Ultrasound Radiologist: Education Requirements & Career Profile
Ultrasound radiologists work in a variety of settings, from private care practices to hospitals. They use sonography to evaluate symptoms and map internal organs. Ultrasound radiologists must undergo extensive education, and job prospects are projected to be favorable for these physicians.
Ultrasound radiologists are physicians who specialize in medical techniques like ultrasounds, x-rays and magnetic resonance imaging (MRI). They must be able to interpret scans in order to diagnose and treat patients. In addition to monitoring patients, ultrasound radiologists may need to evaluate and select imaging equipment for their workplaces. To enter this profession, candidates must earn a bachelor's degree, attend medical school, complete rotations, participate in a fellowship program and become licensed.
Undergraduate degree programs related to science can help students prepare for medical school. Relevant coursework might include anatomy, biology, chemistry and physics. Some universities offer dedicated pre-med programs with a prescribed curriculum of classes that medical schools will look for on transcripts.

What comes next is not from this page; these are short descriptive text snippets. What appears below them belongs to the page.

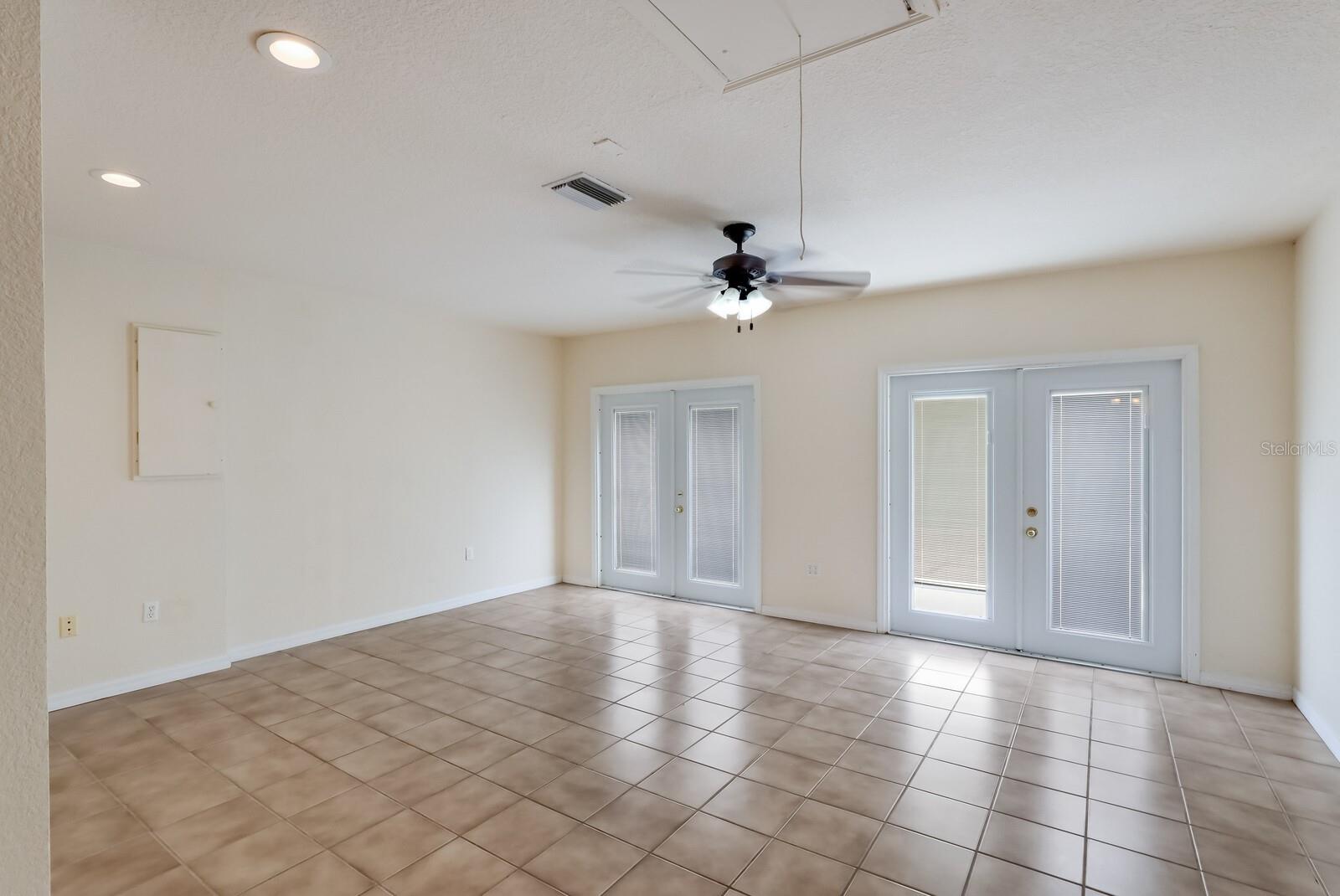 PORT CHARLOTTE SUB 20 - Residential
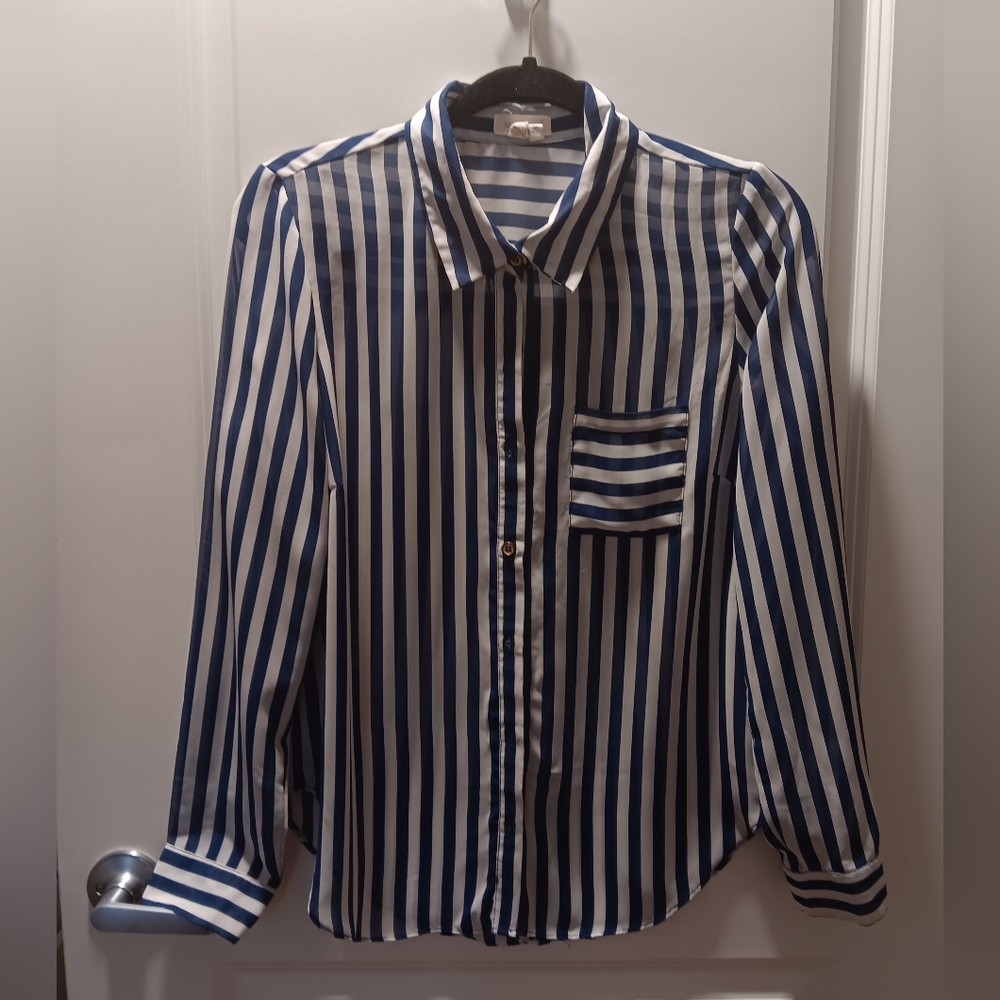 SANS SOUCI Blouse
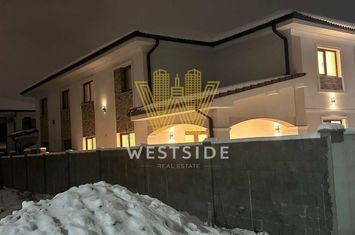 Duplex premium de inchiriat, in Dumbravita anunturi imobiliare Timis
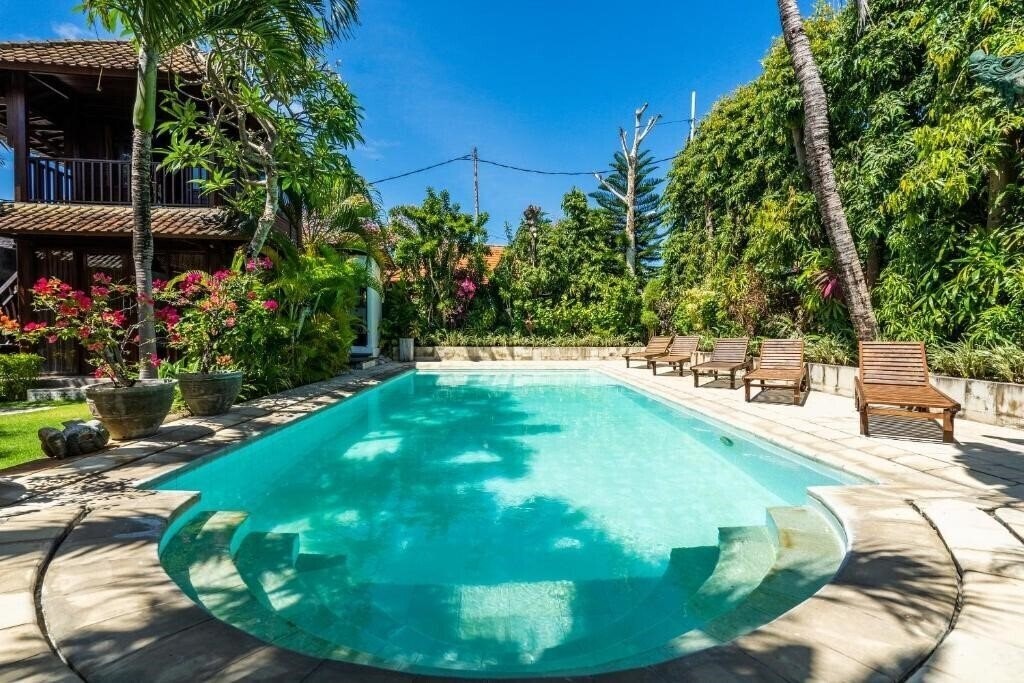 Imaginea Manggis Villa 4*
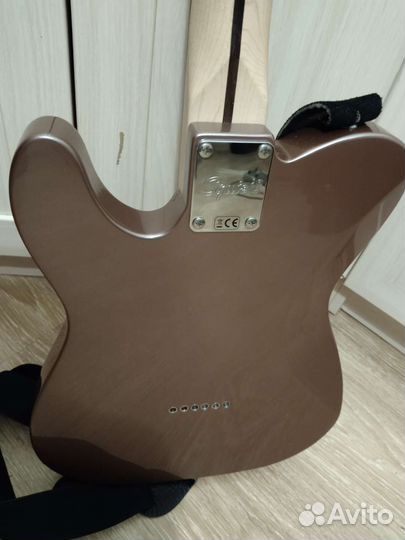 Электрогитара Squier Affinity Series Telecaster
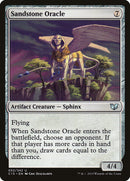 Sandstone Oracle [Commander 2015] - The Mythic Store | 24h Order Processing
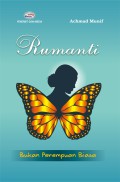 Rumanti Bukan Perempuan Biasa
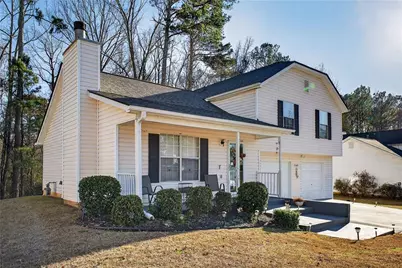 7183 New Dale Road, Rex, GA 30273 - Photo 25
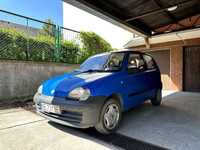 Sprzedam Fiat Seicento 1.1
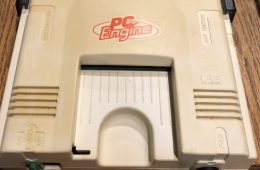 PC Engine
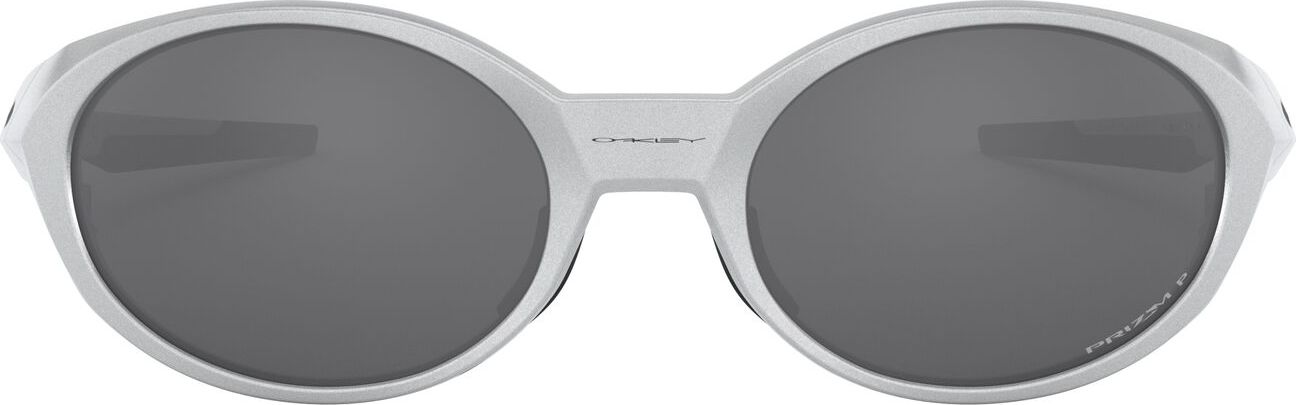 Eyejacket Redux silber | S | prizm black polarized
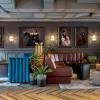 Radisson RED Madrid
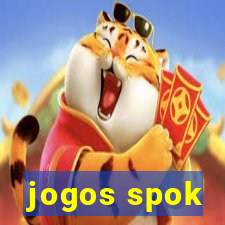 jogos spok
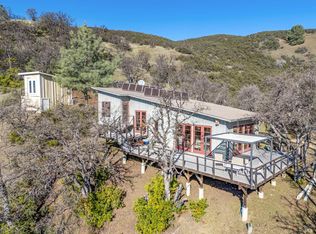 21148 Meriann Dr, Clearlake Oaks, CA 95423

In addition to transcripts, med school admissions officers look at scores from the Medical College Admission Test (MCAT). Medical school typically takes four years to complete and is comprised of both classroom learning and clinical care. Common coursework covers biochemistry, pathology, pharmacology, physiology and standard medical practices. The second half of the curriculum is traditionally comprised of rotations, during which potential doctors work under supervision at on-site medical facilities to learn about various subspecialties; aspiring radiologists can use these experiences to gain hands-on practice with ultrasound.
All ultrasound radiologists must be licensed by their state to practice medicine. Licensure typically occurs after medical school. Aspiring doctors must pass the United States Medical Licensing Examination (USMLE) or the Comprehensive Osteopathic Medical Licensing Exam (COMLEX).

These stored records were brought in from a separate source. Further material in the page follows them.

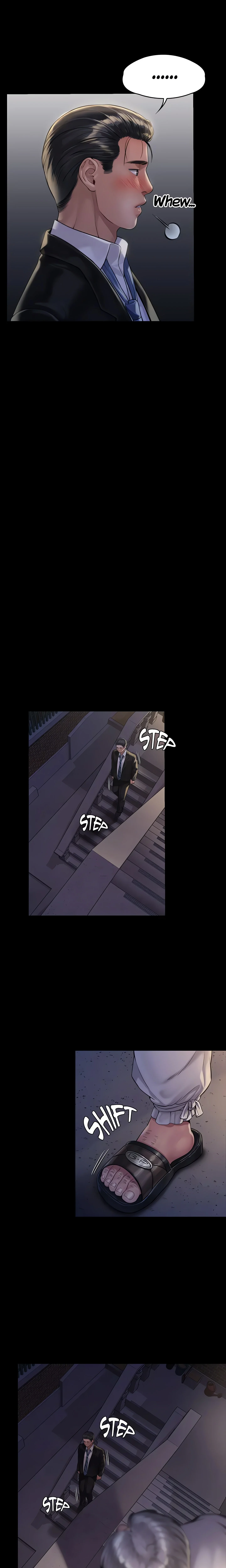 Queen Bee (Andrew) (Official) chapter 169 page 20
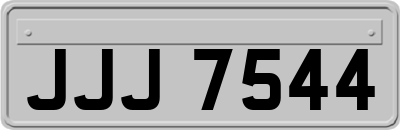 JJJ7544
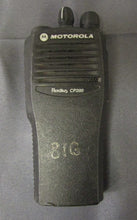 Load image into Gallery viewer, Lot of FIVE Motorola Radius CP200 136-162 MHz VHF Two Way Radio AAH50JDC9AA2AN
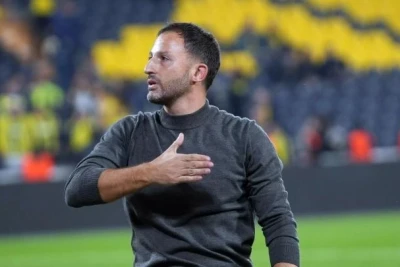 Tedesko "Fənərbaxça"da 61 İllik Rekordu Təkrarladı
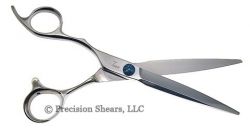 Tara XML Miracle Steel Left Handed Professional Hair Cutting Shears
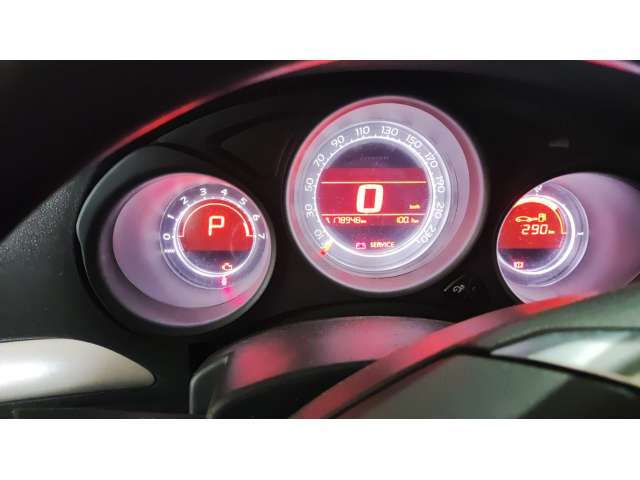 Leilão de Veículos - I/Citroen C4L A 2L Tend - Guararapes/SP 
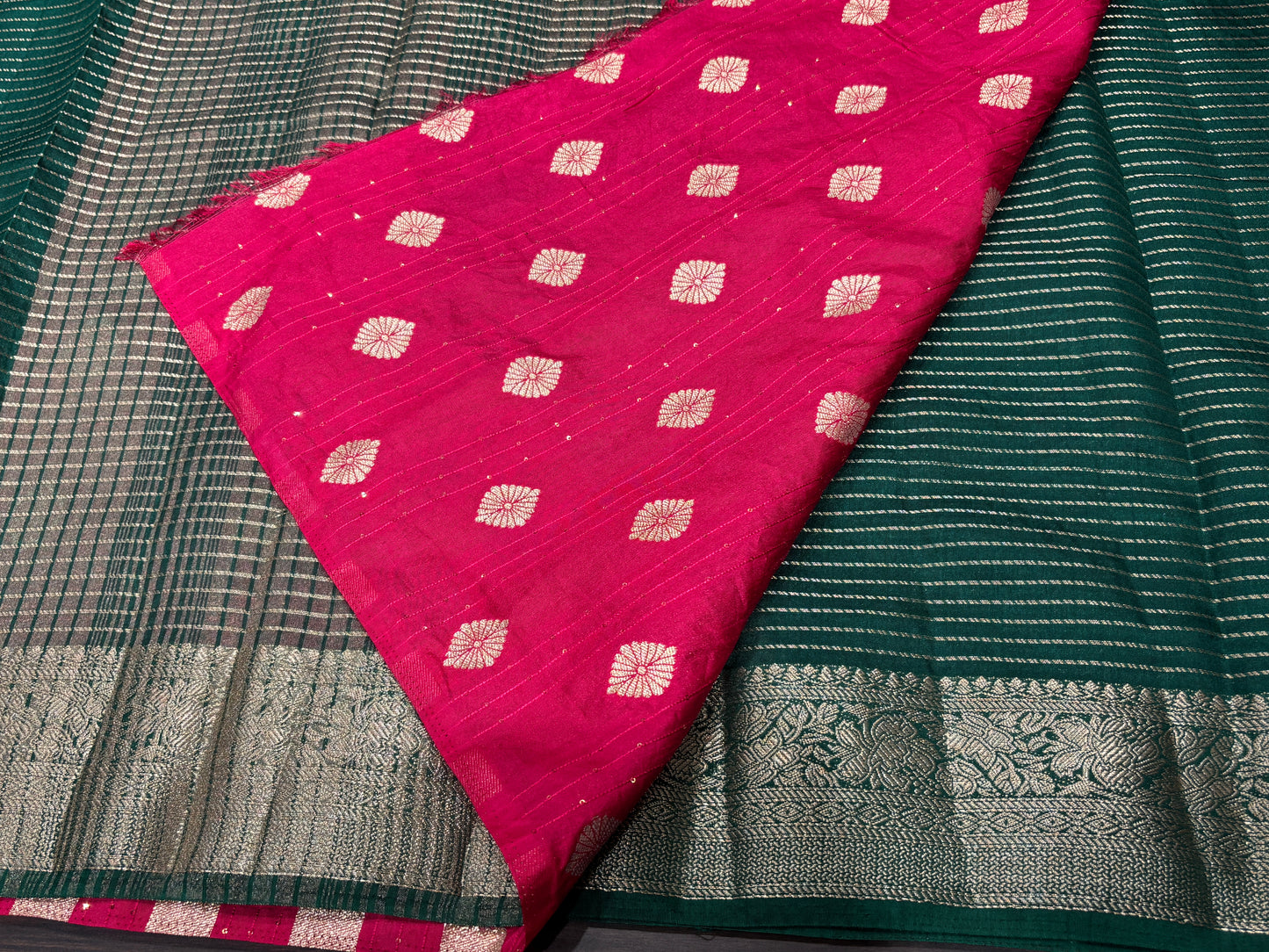 Dola silk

Med school graduates must complete a postgraduate residency that typically lasts 2-6 years. They might pursue diagnostic radiology or radiological science programs that incorporate lectures and clinical practice. Usually, residents are given more freedom to choose elective rotations in the later years of their residency.
After residency, ultrasound radiologists might want to further specialize by undertaking a paid fellowship that focuses on the uses of ultrasound in obstetrics/gynecology, pediatrics, emergency medicine, ophthalmology and other fields. Fellows in ultrasound programs should stay up to date with standard diagnostic practices and medicine. They typically have to complete in-depth research projects to complete the program.
Board certification through the American Board of Radiology is not strictly required for ultrasound radiologists. However, it does show patients and employers that the radiologist has demonstrated a strong knowledge of medical techniques, such as ultrasounds, MRI scans and CT scans. Board certification must be renewed after ten years.
Career Profile: Salary and Outlook
The U.S. Bureau of Labor Statistics (BLS) states that employment of all physicians and surgeons could grow 24%, higher than average for all occupations, during the years 2010-2020. This is largely due to an aging population and increased need for health care. However, demand for physicians could fluctuate if healthcare costs continue to climb. According to PayScale.com, the median annual salary for physicians specializing in radiology was $257,729 in October 2013.